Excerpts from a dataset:
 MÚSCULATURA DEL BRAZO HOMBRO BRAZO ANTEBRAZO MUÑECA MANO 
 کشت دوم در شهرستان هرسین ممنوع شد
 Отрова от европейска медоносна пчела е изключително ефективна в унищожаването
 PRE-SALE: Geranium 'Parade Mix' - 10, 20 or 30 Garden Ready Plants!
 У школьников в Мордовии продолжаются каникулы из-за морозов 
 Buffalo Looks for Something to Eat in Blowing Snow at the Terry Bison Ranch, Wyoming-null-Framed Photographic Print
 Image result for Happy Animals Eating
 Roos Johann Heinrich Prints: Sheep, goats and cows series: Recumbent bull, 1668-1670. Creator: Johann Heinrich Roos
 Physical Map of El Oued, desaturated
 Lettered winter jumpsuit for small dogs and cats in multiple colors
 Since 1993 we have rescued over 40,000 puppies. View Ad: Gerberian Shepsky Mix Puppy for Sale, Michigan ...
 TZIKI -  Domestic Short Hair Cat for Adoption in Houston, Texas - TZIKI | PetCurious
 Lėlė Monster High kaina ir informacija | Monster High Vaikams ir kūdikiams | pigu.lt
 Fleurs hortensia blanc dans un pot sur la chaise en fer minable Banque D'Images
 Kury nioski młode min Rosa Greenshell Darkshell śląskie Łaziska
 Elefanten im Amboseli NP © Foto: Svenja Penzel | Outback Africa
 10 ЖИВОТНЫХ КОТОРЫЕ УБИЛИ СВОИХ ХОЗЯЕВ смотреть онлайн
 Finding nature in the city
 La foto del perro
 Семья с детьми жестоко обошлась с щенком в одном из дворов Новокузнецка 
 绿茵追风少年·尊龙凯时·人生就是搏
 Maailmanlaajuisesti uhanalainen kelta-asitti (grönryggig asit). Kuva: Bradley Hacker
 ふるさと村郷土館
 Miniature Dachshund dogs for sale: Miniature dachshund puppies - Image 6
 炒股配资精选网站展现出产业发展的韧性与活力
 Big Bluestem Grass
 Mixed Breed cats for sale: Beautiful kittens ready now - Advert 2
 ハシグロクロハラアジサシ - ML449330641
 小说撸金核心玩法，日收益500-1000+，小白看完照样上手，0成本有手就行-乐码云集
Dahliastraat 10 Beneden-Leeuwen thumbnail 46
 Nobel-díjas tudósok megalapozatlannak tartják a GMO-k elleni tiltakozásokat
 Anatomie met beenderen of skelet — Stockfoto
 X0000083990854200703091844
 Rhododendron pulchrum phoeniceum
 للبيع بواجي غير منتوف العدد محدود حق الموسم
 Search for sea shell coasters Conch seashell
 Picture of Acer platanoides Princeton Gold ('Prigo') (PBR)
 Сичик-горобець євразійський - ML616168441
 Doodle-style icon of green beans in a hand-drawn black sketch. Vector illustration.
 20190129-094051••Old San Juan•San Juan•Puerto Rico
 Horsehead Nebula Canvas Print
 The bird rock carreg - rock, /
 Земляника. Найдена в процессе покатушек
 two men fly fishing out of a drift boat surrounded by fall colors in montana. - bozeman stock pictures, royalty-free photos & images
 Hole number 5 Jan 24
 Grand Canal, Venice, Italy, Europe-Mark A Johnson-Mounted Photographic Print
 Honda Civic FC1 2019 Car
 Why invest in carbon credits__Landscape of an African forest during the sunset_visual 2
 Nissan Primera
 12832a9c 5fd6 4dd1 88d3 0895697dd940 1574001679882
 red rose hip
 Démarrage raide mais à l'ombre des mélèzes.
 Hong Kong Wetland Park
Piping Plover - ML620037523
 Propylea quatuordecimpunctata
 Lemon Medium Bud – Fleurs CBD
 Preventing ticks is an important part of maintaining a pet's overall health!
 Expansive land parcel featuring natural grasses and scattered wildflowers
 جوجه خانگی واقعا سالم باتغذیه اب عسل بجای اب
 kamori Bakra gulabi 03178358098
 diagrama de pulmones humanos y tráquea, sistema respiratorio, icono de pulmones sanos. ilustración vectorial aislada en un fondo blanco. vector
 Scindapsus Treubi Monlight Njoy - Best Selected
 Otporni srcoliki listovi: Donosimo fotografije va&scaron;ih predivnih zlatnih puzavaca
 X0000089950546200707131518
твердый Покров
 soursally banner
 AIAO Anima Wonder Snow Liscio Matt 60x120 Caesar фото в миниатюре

**WHAT THE TASK ASKS**
Among the lines above, which hold the word "Fleurs"? Report each one.

**COMPLETED EXERCISE**
 Fleurs hortensia blanc dans un pot sur la chaise en fer minable Banque D'Images
 Lemon Medium Bud – Fleurs CBD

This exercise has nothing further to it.